I built a neural network and successfully trained it by using backpropagation with stochastic gradient descent. Now I'm switching to batch training but I'm a bit confused about when to apply momentum and weight decay. I know fair well how backpropagation works in theory, I'm just stuck with implementation details. With the stochastic approach, all I had to do was apply the updates to the weight immediately after having computed the gradients, as in this pseudo python code:
for epoch in epochs:
for p in patterns:
outputs = net.feedforward(p.inputs)
# output_layer_errors is needed to plot the error
output_layer_errors = net.backpropagate(outputs, p.targets)
net.update_weights()
where update_weights method is defined as follows:
def update_weights(self):
for h in self.hidden_neurons:
for o in self.output_neurons:
gradient = h.output * o.error
self.weights[h.index][o.index] += self.learning_rate * gradient + \
self.momentum * self.prev_gradient
self.weights[h.index][o.index] -= self.decay * self.weights[h.index][o.index]

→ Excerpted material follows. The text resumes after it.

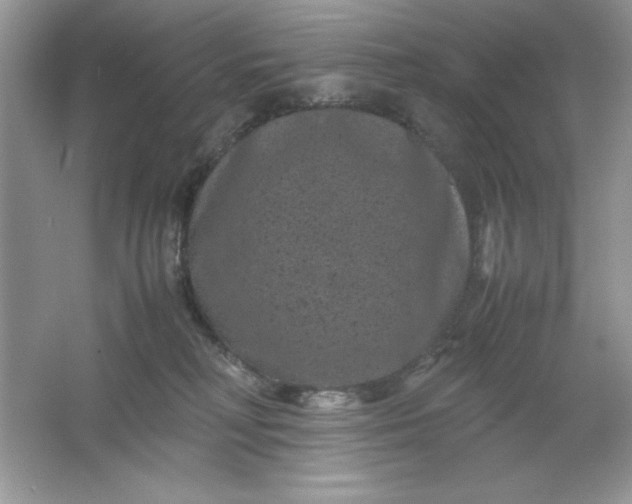 X0000061760230200512161752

for i in self.input_neurons:
for h in self.hidden_neurons:
gradient = i.output * h.error
self.weights[i.index][h.index] += self.learning_rate * gradient + \
self.momentum * self.prev_gradient
self.weights[i.index][h.index] -= self.decay * self.weights[i.index][h.index]
This works like a charm (note that there might be errors because i'm just using python because it's more understandable, the actual net is coded in C. This code is just to show the steps i did to compute the updates). Now, switching to batch updates, the main algorithm should be something like:
for epoch in epochs:
for p in patterns:
outputs = net.feedforward(p.inputs)
# output_layer_errors is needed to plot the error
output_layer_errors = net.backpropagate(outputs, p.targets)
net.accumulate_updates()
net.update_weights()
the accumulate method is as follows:
def accumulate_weights(self):
for h in self.hidden_neurons:
for o in self.output_neurons:
gradient = h.output * o.error
self.accumulator[h.index][o.index] += self.learning_rate * gradient
# should I compute momentum here?
for i in self.input_neurons:
for h in self.hidden_neurons:
gradient = i.output * h.error
# should I just accumulate the gradient without scaling it by the learning rate here?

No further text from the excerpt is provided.